Sure. All folks have to do is be forced to violate our religious faith. Luckily there's no Amendment in the Constitution or anything that deals with that.
I'm not a Catholic, actually, and am fine with birth control, etc. But I think that the idea that we want to
reduce the number of people taking care of orphans or providing healthcare to others
is insane.
Because you don't like what the provider's faith, you are willing to
screw over the poor.
But, can we at least retire the talking point that government doesn't shove other providers of services to the poor out of the space. It is perfectly fine with doing so, when those providers are members of an "other".
It would have to be a pretty severe right they were violating for me not to. I'm not Amish, but I think forcing them to send their children to State School and interact with the things they don't believe in would be incredibly abusive. I'm not atheist, but I think laws requiring statements of religious faith or support for such are abusive and dangerous and wrong. I'm not a Muslim, but I would oppose a law that forced a Muslim grocer to carry pork, or banned them from traveling to Saudi Arabia for the Hajj. I'm not native American, and think drugs are wrong, but if they need to smoke peyote to go on spirit journeys, that's their faith. If a Jewish adoption agency wants to specialize in placing Jewish orphans with Jewish couples in order to make sure that they are raised as Jews
that's fine. If a Muslim orphanage wants to specialize in placing Muslim orphans with Muslim couples in order to make sure they are raised as Muslims
that's fine. In both those cases,
not only is the number of orphans reduced, and the number of children being cared for increased, but the children are being placed in a scenario less culturally shocking to them in a time when every other part of their life is in flux. Ditto for Catholicism, Protestantism, or heck - Atheism, if they wanted to get in on it.

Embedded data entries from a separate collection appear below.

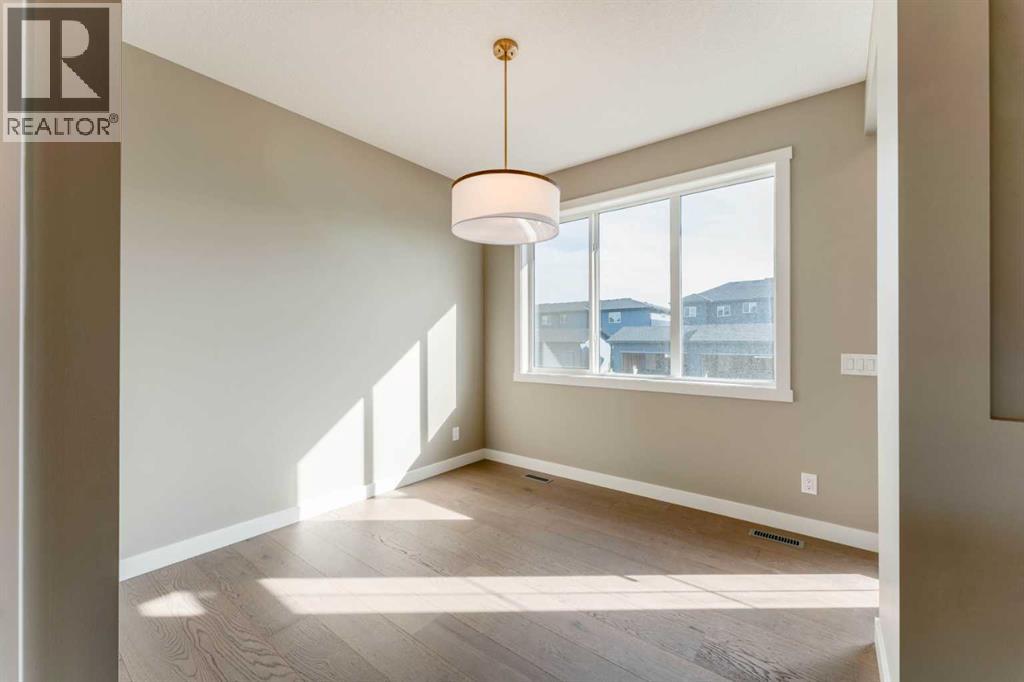 279 Waterford Heights, Chestermere, Alberta  T1X 3B6 - Photo 6 - A2326697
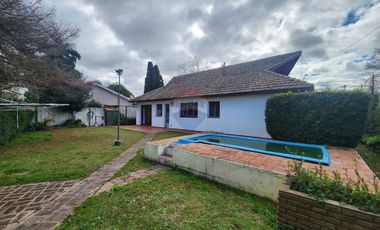 Casa en venta en Ranelagh con pileta y quincho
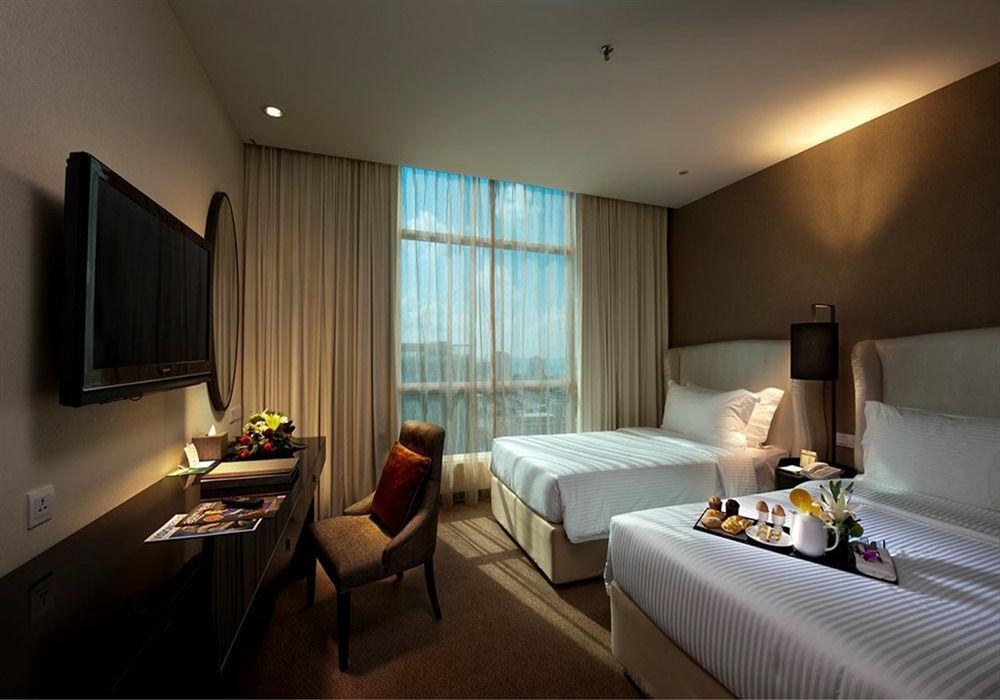 Hatten Hotel Melaka photo 1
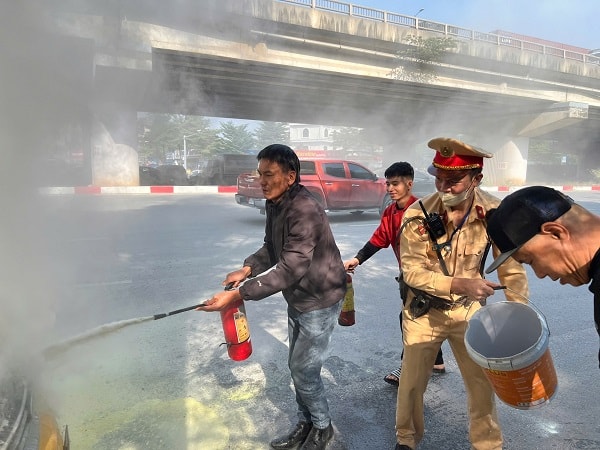 Hà Nội: Kịp thời dập tắt ô tô bất ngờ bốc cháy- Ảnh 3.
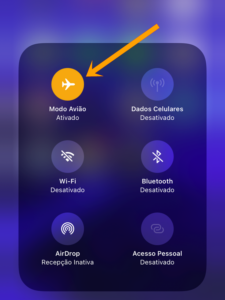 Celular com modo avião ativado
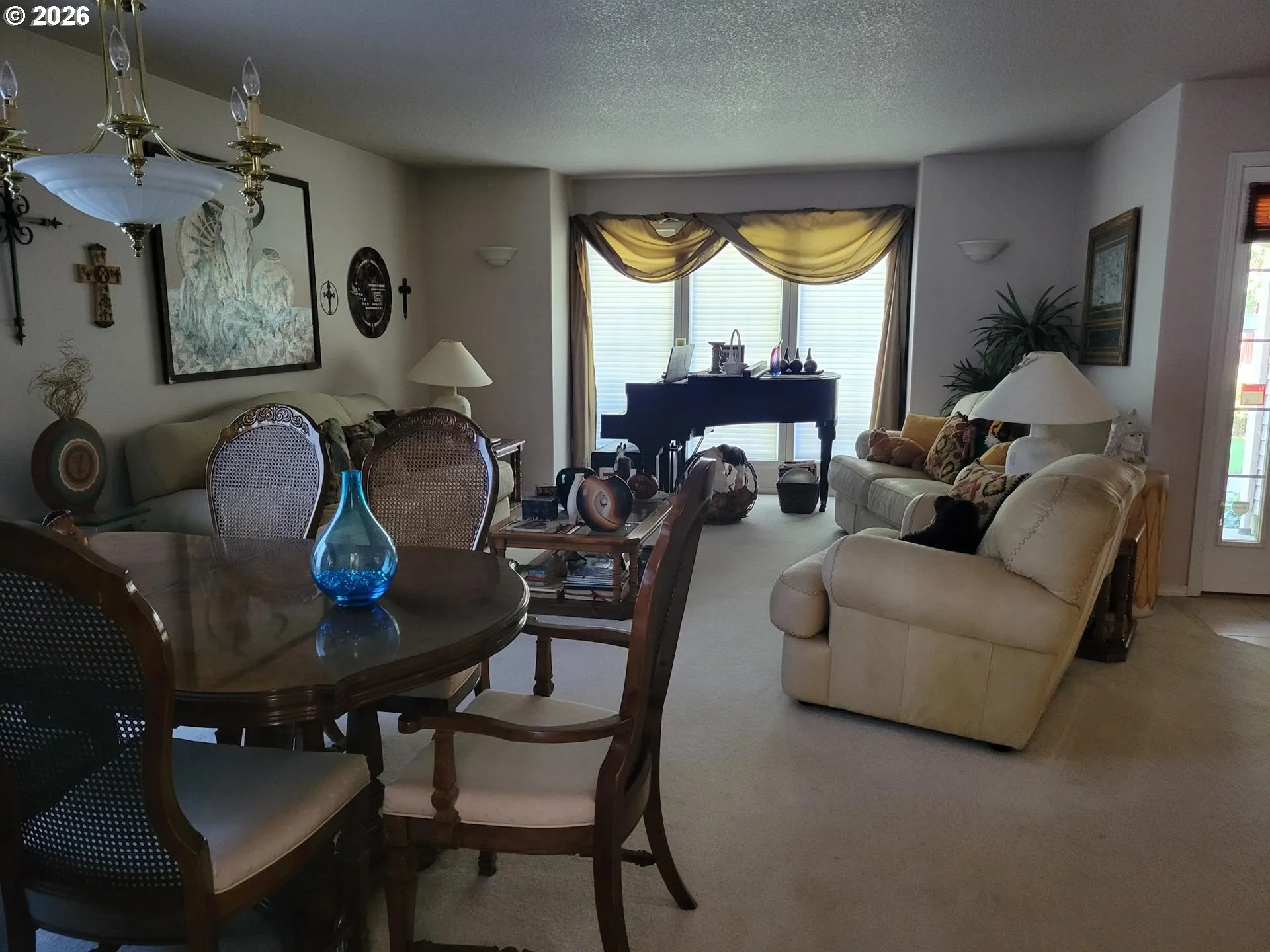 Living Room/Dining Room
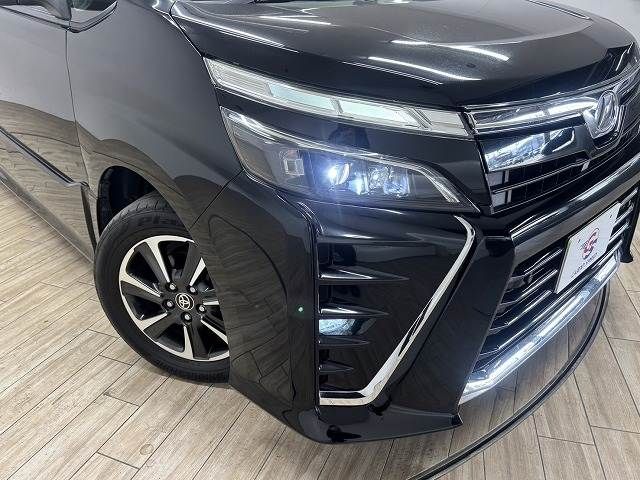 TOYOTA VOXY 2019 Image 31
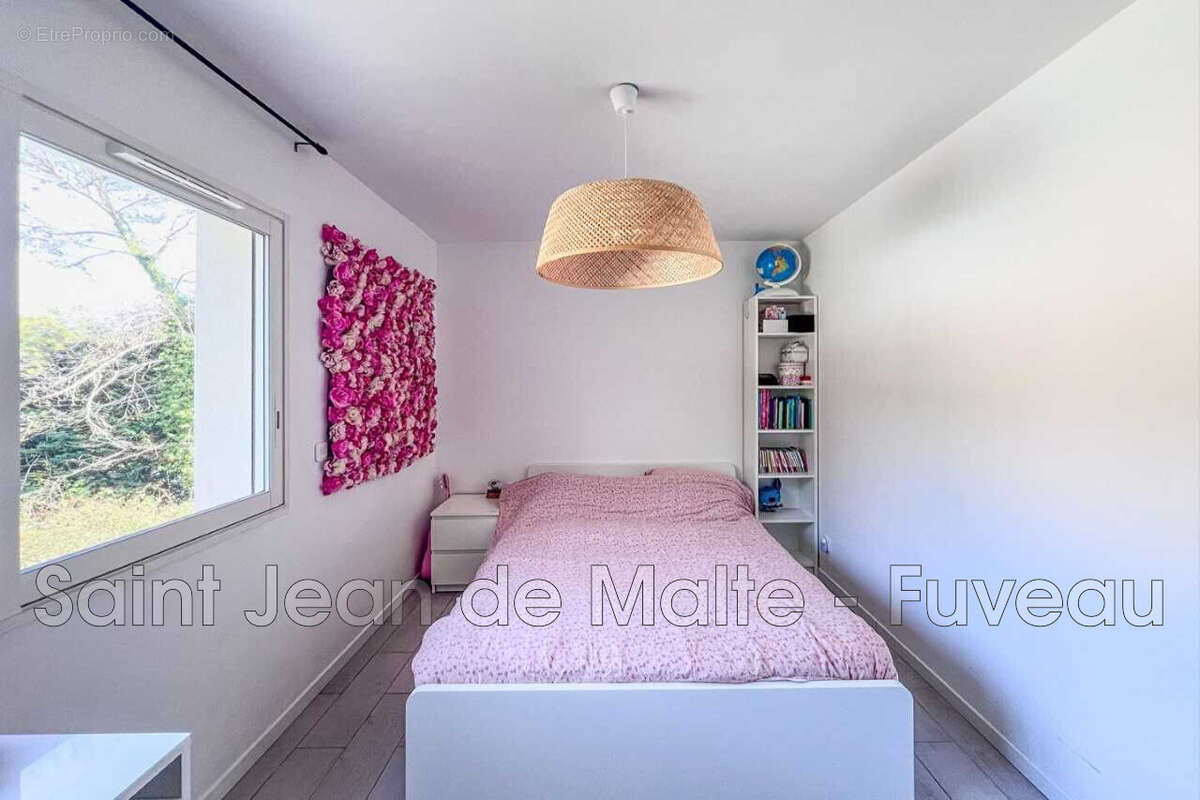 Maison à GREASQUE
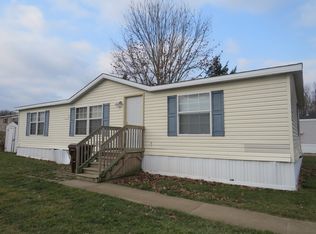 1249 Oakbrook W, Jackson, MI 49201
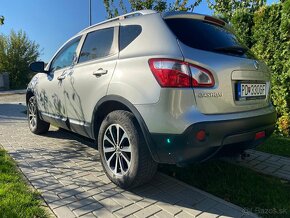 Nissan Qashqai 1.6i - 8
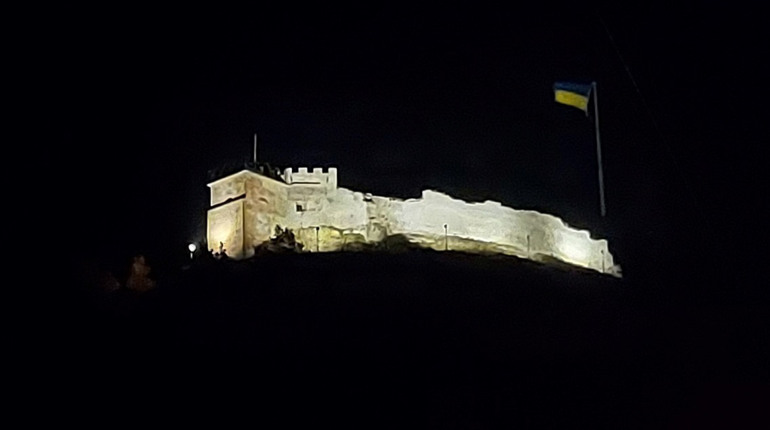 Як освітлюється нічна Замкова гора Бона у Кременці: фото у соцмержах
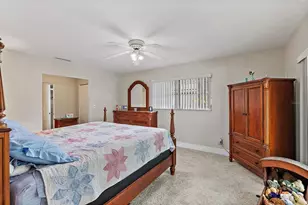 1460 89th Ave N, Saint Petersburg, FL 33702 - Photo 17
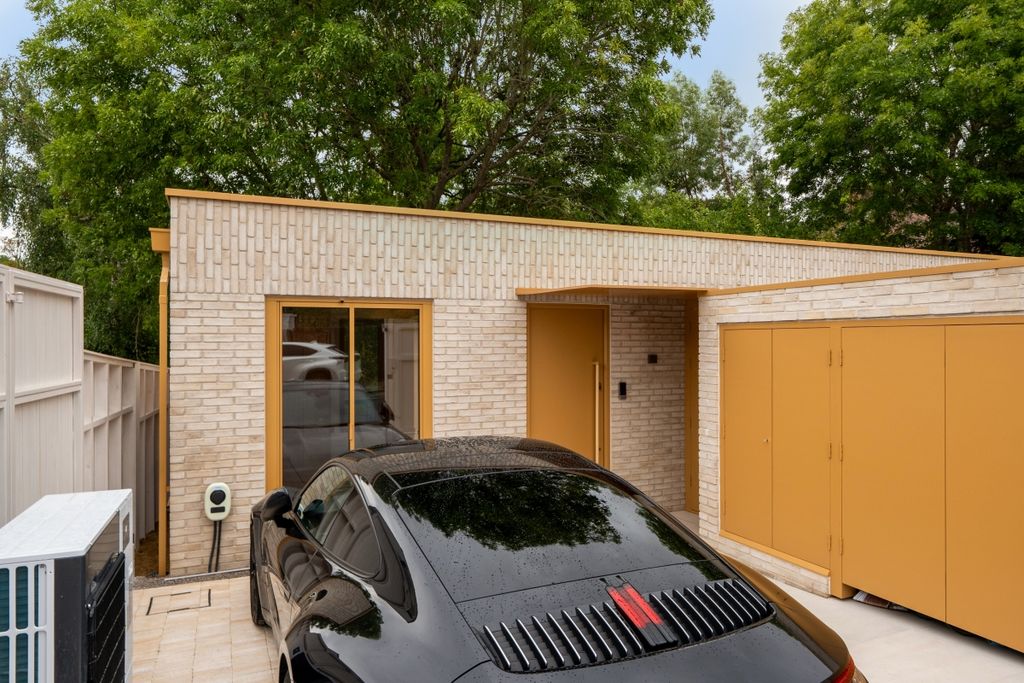 Property photo 3 of 30 1510503 (2)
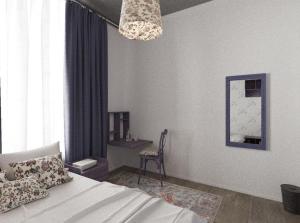 モスクワにあるHotel Barista Bed&Breakfastのベッドルーム1室(ベッド1台、椅子、シャンデリア付)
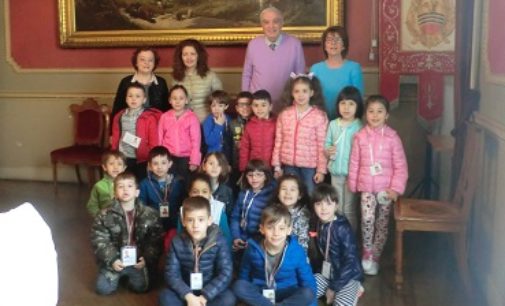 VOGHERA 07/04/2017: I bimbi della scuola dell’infanzia di Viale Marx in visita al Municipio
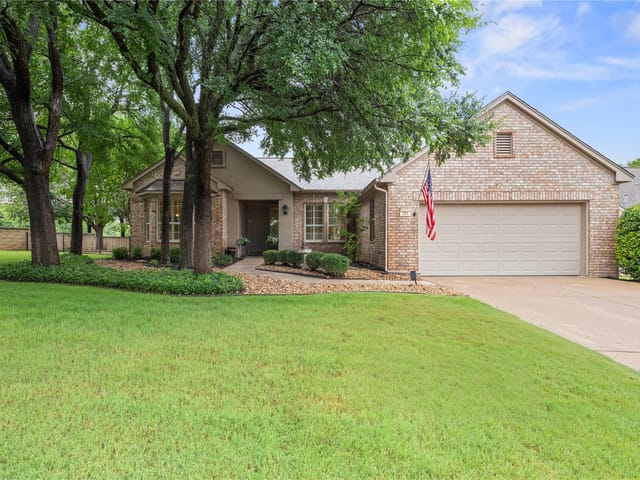 101 Yaupon LN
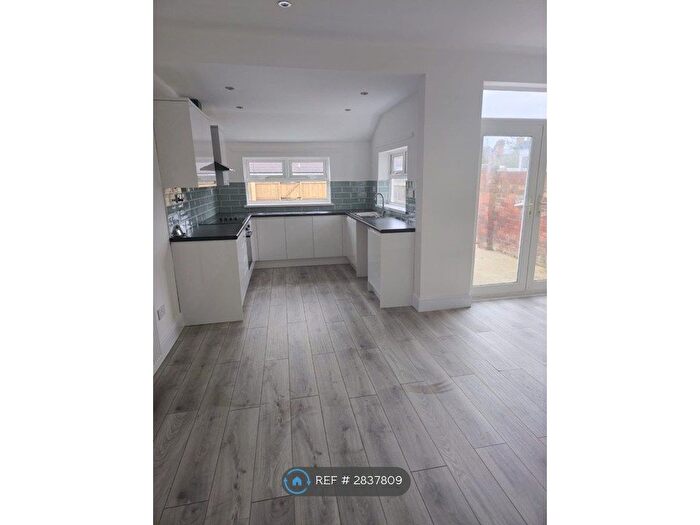 3 Bedroom Terraced House To Rent In Pickering Road, Hull, HU4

The point isn't to force everyone to bow down to my moral preferences, the point is to
take care of orphans. Our modern, progressive Puritans seem to miss that.
Uh. That
must be true. Otherwise your statement that:
We cannot allow social services to be withheld from those the that Catholic agencies deem undeserving
Would be completely non-sensical, since the Catholic agencies would not have the ability to withhold services from those they deem undeserving (and, I'm not sure how you got that, in the first place), as other agencies would be available to those individuals.